Personal Democracy Plus Our premium content network. LEARN MORE You are not logged in. LOG IN NOW >

Prizes, Challenges and Government Innovation: The Trimtab Solution?

BY Micah L. Sifry | Friday, April 30 2010

Something hit me very hard once, thinking about what one little man could do. Think of the Queen Mary -- the whole ship goes by and then comes the rudder. And there's a tiny thing at the edge of the rudder called a trim tab.

It's a miniature rudder. Just moving the little trim tab builds a low pressure that pulls the rudder around. Takes almost no effort at all. So I said that the little individual can be a trim tab. Society thinks it's going right by you, that it's left you altogether. But if you're doing dynamic things mentally, the fact is that you can just put your foot out like that and the whole big ship of state is going to go.

So I said, call me Trim Tab.
--Buckminster Fuller, Playboy, February 1972

A few years ago, Beth Noveck, Susan Crawford and David Johnson started an informal evening discussion group in New York City, where they were all living. The three were all teaching and working at the intersection of the internet and social innovation, and the group's meetings functioned like an informal salon where regulars and visitors shared current projects and passions. I went a few times, once to hear about the Cornell Law Project's pathbreaking work to open up law records online, once to hear Susan share her plans for OneWebDay (sort of Earth Day for the web), and once to introduce the then-just-born Sunlight Foundation to Beth, Susan, David and their eclectic circle of friends.

They jokingly called the group the "Trimtab Conspiracy," in honor of Bucky Fuller's image of the little rudder on a boat that can turn the whole ship. I was reminded of Trimtab today, as I attended an all-day meeting at HUD organized by the White House Office of Science and Technology Policy and the Case Foundation on "Promoting Innovation: Prizes, Challenges and Open Grantmaking." Some 200 people representing more than 30 government departments and agencies were in attendance to hear from and brainstorm with some of the world's most successful proponents of disruptive, transformational approaches to public and private innovation. The fact that Noveck, author of "Wiki Government" and White House deputy CTO for open government, was one of the keynote speakers at the meeting, wasn't the only reason Trimtab came to mind.

As the day unfolded, it because very clear that one little agency, OSTP, was keen on spreading the use of one deceptively simple but sophisticated little tool--challenge prizes--to foster a fundamental change in how government works. Towards that end, they gathered pioneers like Peter Diamandis, the chairman and CEO of the X Prize Foundation; Rob MeEwen, the founder of GoldCorp (which open-sourced 50 years worth of proprietary geology records to get the public's help in finding its next big gold strike); and Peter Lee of DARPA's Transformational Convergence Technology Office (who ran the recent "Red Balloon" Network Challenge contest), who each shared inspirational examples from their own work on how open contests have generated massive investments of private and civic resources and original responses to problems. "We want to launch a social movement within government around using prizes and challenges," said Thomas Kalil, the deputy science advisor at OSTP>

As Jean Case, co-founder of Case Foundation, asked at the opening of the day: "Why now?" She answered he own question by saying, "There has been a real drive toward more transparency in government, and reducing the bureaucracy, taking advantage of web 2.0 technologies to bring citizens closer to their government. Could this be the moment when citizens get more involved in their government?" It made sense for Case to be a co-convenor of the event, given its ongoing efforts to demonstrate the potential in contests, crowdsourcing and open grantmaking.

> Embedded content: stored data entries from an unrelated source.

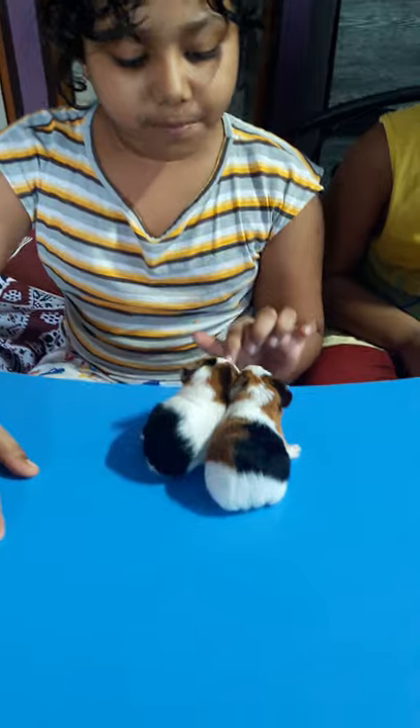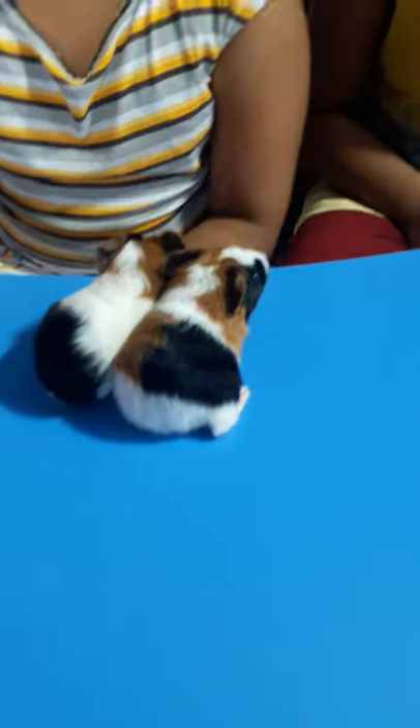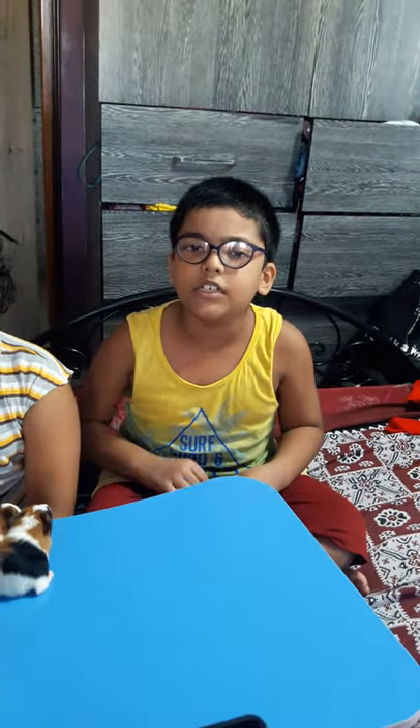They are born with fur on their body, unlike other rodents like rabbits. As you can see, they have multi-colour fur on their bodies and almost look like a mother.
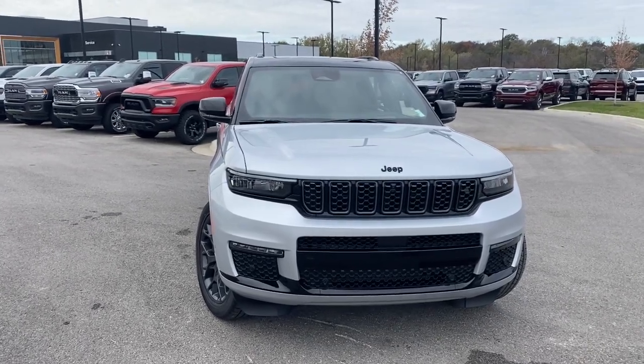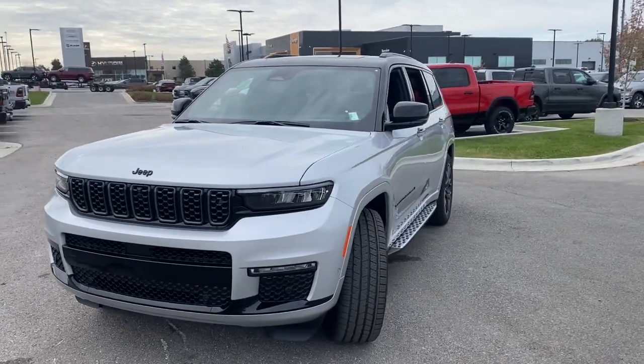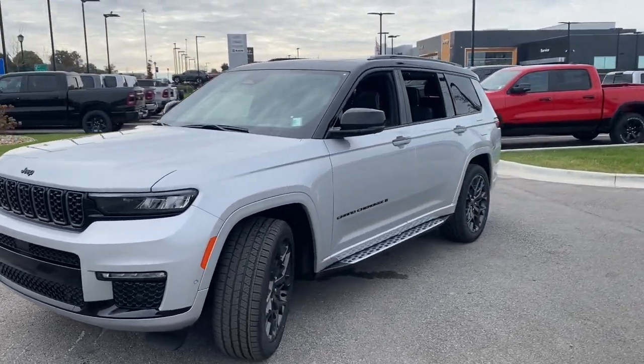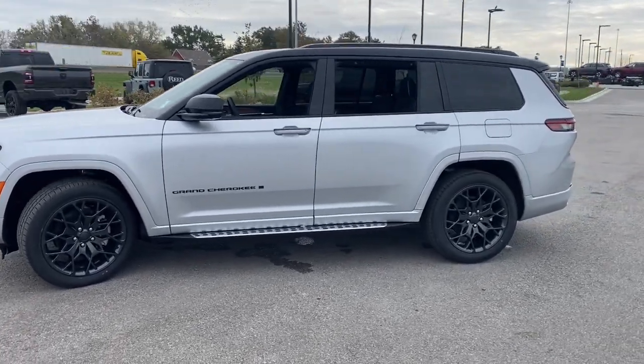Treat yourself to a test drive today. Our staff will toss you the keys and give you an outstanding customer experience. Don't miss the opportunity to take this vehicle out for a test drive. Stop in today.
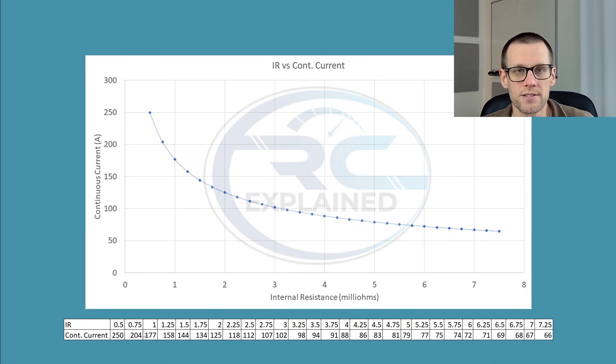Looking at the other side: at 1 mΩ we have 177A continuous, and cutting that literally in half to 0.5 mΩ multiplies performance by 50%, giving us 250A continuous. That is a massive jump. It comes down to the fact that the internal resistance is changing significantly here, so you have much less waste heat, and that directly translates into more power potential for that battery pack.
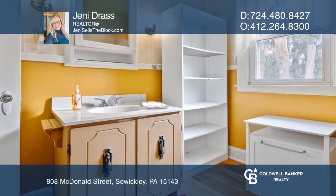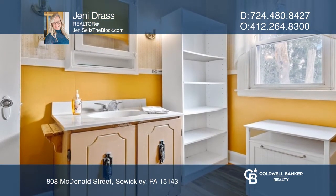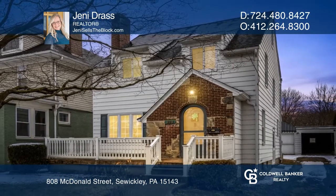Just add some finishing touches and you can make this home your very own. Don't miss your chance — plan a tour with Jenny Drass today.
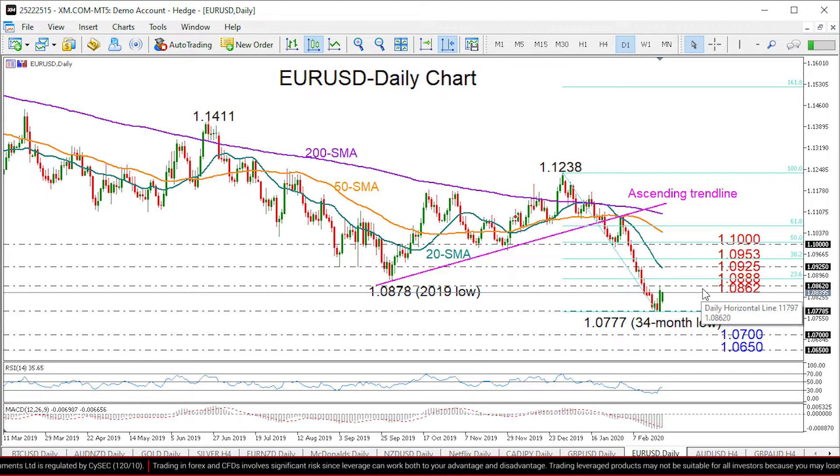Such a move would change the medium-term picture from bearish to neutral and shift attention towards the 1.10 level and the 50% Fibonacci, if the 1.0953 level gets violated to the upside.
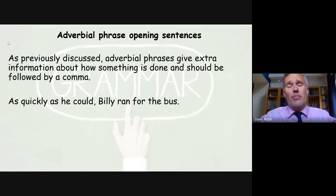Adverbial phrases, which we looked at last time, involve adverbs, adjectives, and verbs. They give extra information about how something is done and should be followed by a comma. With Billy running for a bus again — 'As quickly as he could, Billy ran for the bus.'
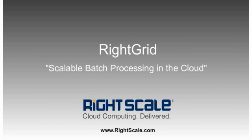Hello, and welcome to WriteScale, the leader in cloud computing management. Today we're going to talk about WriteGrid, which is our scalable batch processing framework for handling grid applications in the cloud.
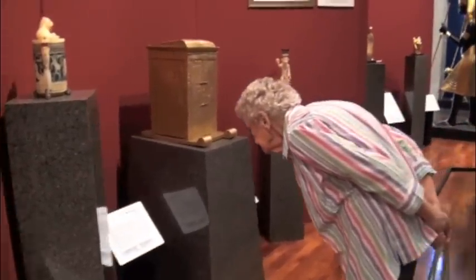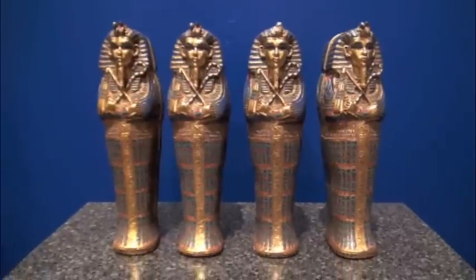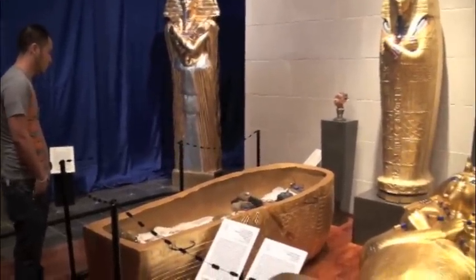Today, Valley residents only have a few more weeks to visit UTPA's Visitor Center to see the boy ruler's awesome riches and his tomb of gold.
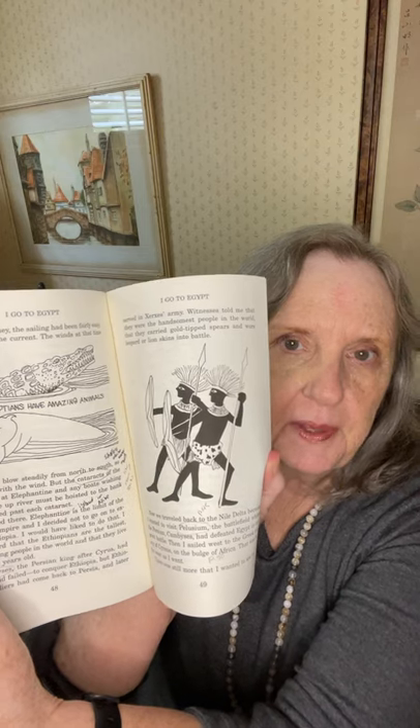I stopped there. Elephantine is the limit of the Persian Empire, and I decided not to go on to explore Ethiopia. I would have liked to have explored Ethiopia. I have heard that the Ethiopians are the tallest, best-looking people in the world, and that they live to be 120 years old. Cambyses, the Persian king after Cyrus, had tried and failed to conquer Ethiopia. But Ethiopian soldiers had come back to Persia and later served in Xerxes' army. Witnesses told me they were the handsomest people in the world, that they carried gold-tipped spears and wore leopard or lion skins into battle — and there's a picture of them ready for battle.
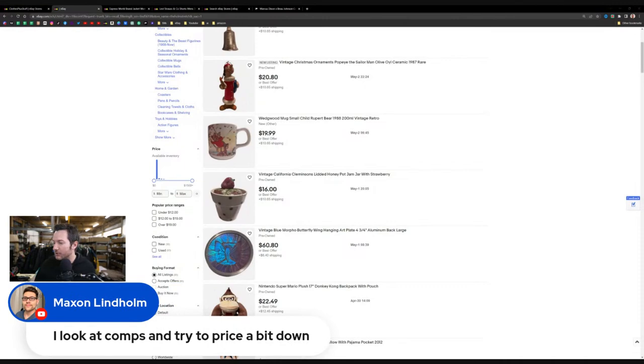On pricing: when searching comps, I always look at solds and sort from highest to lowest. After hitting the sold and completed button, I go to the top right and sort highest to lowest. Then I scroll to find the median average — if there are 20 pages, I go to page 10 to find the middle price. For items with high sell-through rates, I stick with the top of the market. For items with low sell-through rates, I price at the middle to low end so it moves as quickly as possible.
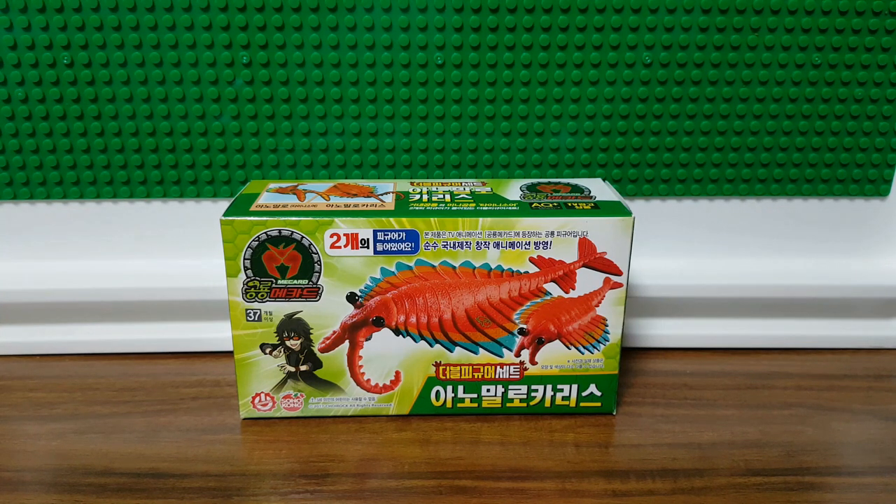Hello boys and girls and welcome to Avocado English. Today we're going to do an unboxing video of a toy that I just got.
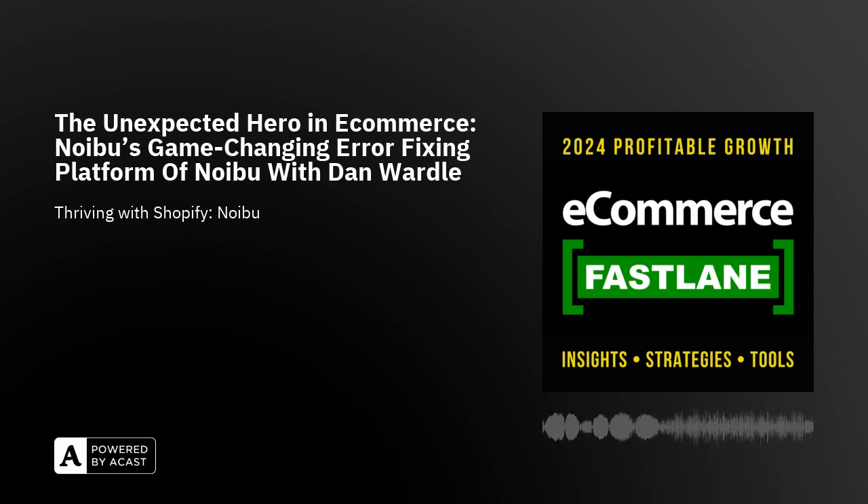Just before we dive into today's podcast, this episode is brought to you by Bloomreach Engagement. They're an AI-powered marketing automation platform that personalizes the online shopping experience for your customers.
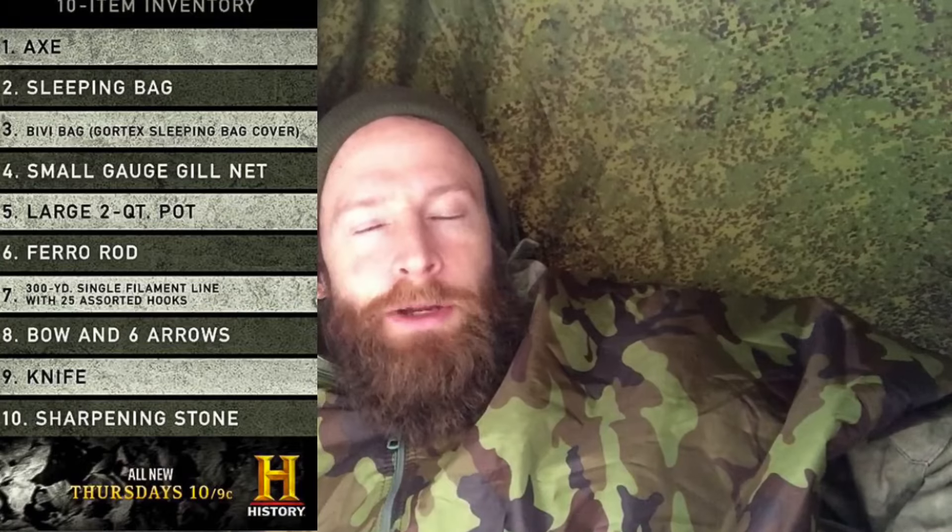A few months went by and I found a show called 'Alone' — where they take 10 people out in the woods, each with 10 items, to survive in a last-man-standing situation. I thought it would be an amazing experience and started thinking about applying, and that was basically the beginning of my bushcraft channel. I started getting ready to apply and did so a few months later, submitting videos. I didn't make the cut that year, but it really inspired me to get out in the woods and film, and I just kept running with it — and here we are today.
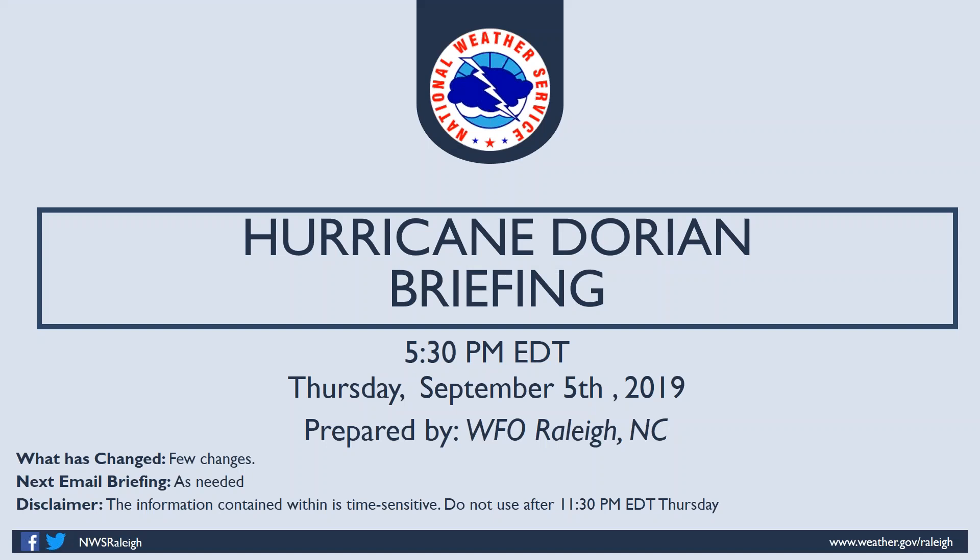From the National Weather Service in Raleigh, this is Nick Petro with your 5:30 PM update — Hurricane Dorian briefing as it relates to Central North Carolina impacts. This webinar covers Central North Carolina.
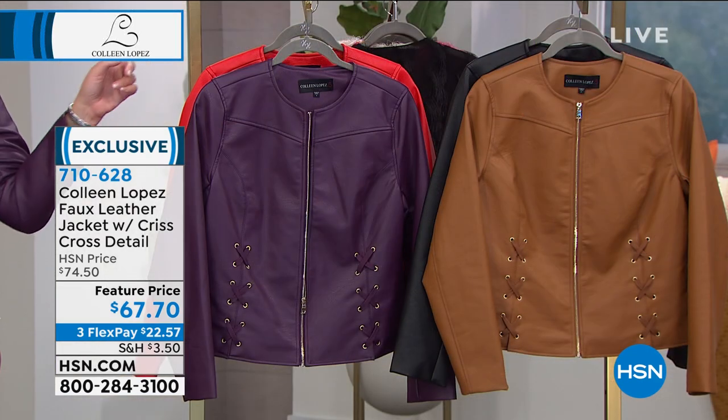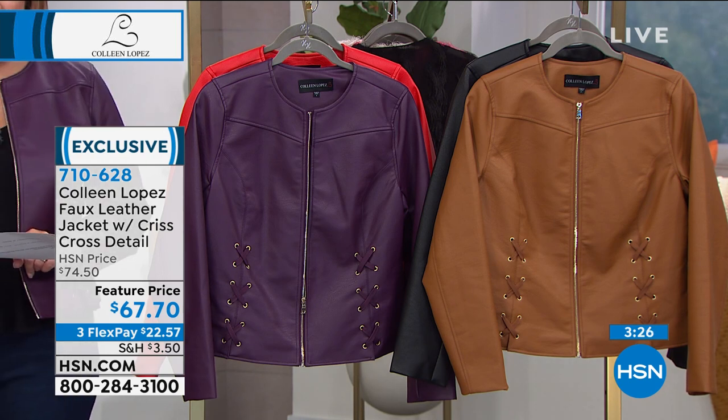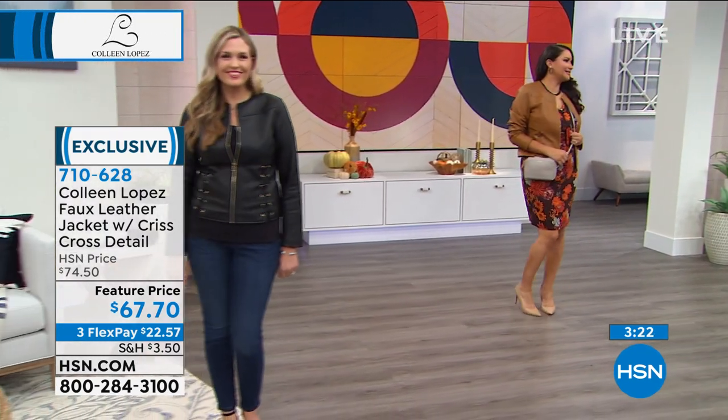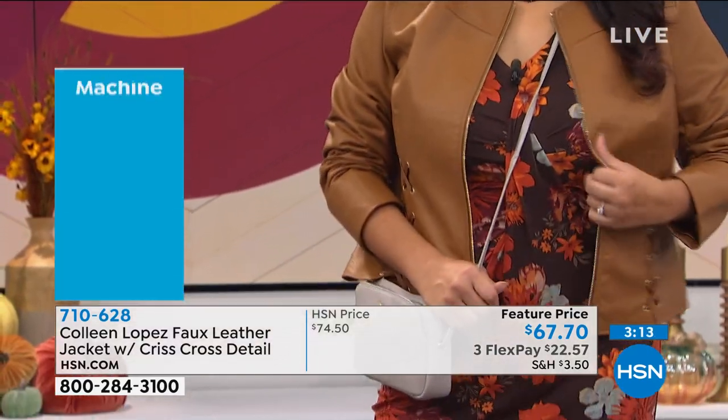So there it is — blackberry wine, lollipop red, cognac, or black. It's coming in at 23 inches long. Oh, I forgot to tell you — it's washable! You can throw this in the washing machine. I know, is that crazy? You can throw this in the washer and then you hang it to dry.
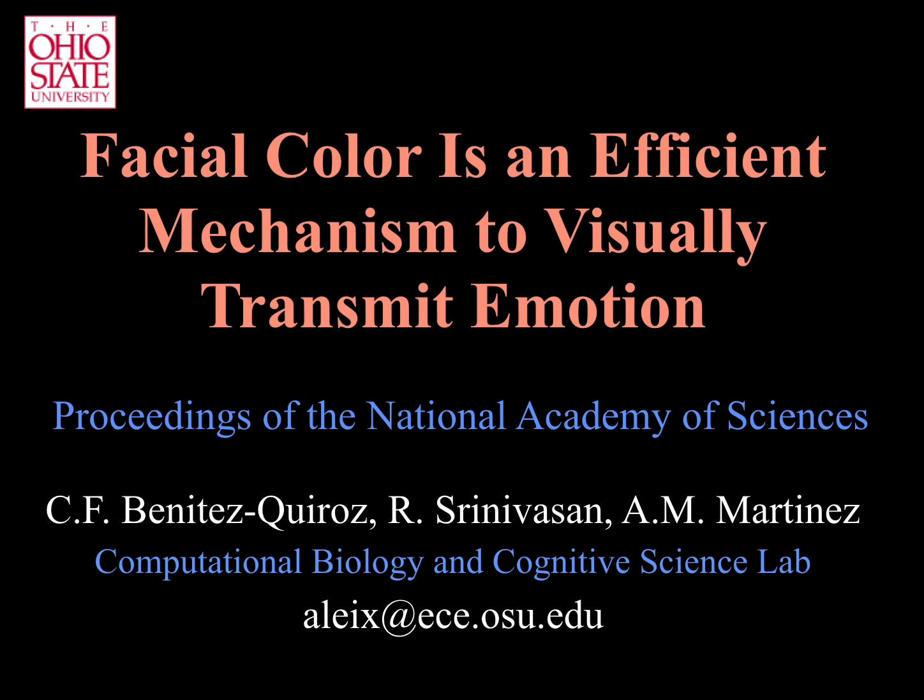This video summarizes the work 'Facial color is an efficient mechanism to visually transmit emotion,' which appears in the proceedings of the National Academy of Sciences.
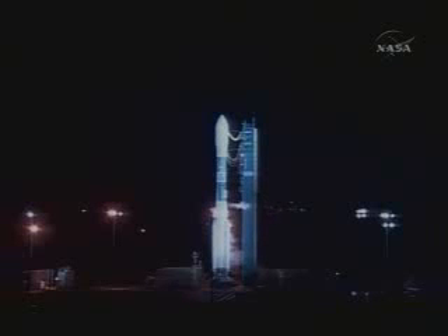T-minus 20 seconds. Lock stopping and work. T-minus 13. Green board.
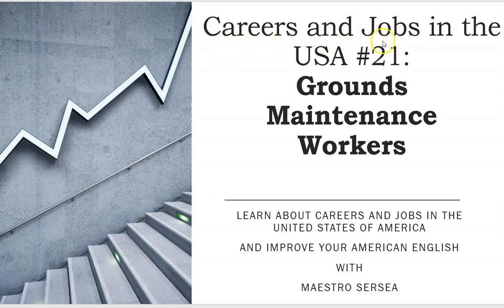Careers and Jobs in the USA, number 21: Grounds Maintenance Workers. Learn about careers and jobs in the United States of America and improve your American English with Maestro Searcy.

But while this may be the moment to involve citizens in a new way with government, given the tectonic shifts in participation that are underway, it's not clear that everyone in government is ready to engage with citizens. McEwen, of Goldcorp, told a story of how he held a meeting with his staff and asked the youngest person in the room to share an idea that had been shot down by his bosses, who were also in the room. People in the HUD auditorium tittered nervously. The key to making a prize contest work, he told the audience was to “define a fundamental assumption that is never questioned by the people within the organization.” More nervous looks. Someone later stood up to ask the panelists how to advance a public-facing contest when people inside their agency might be opposed to it; again, the audience murmured knowingly.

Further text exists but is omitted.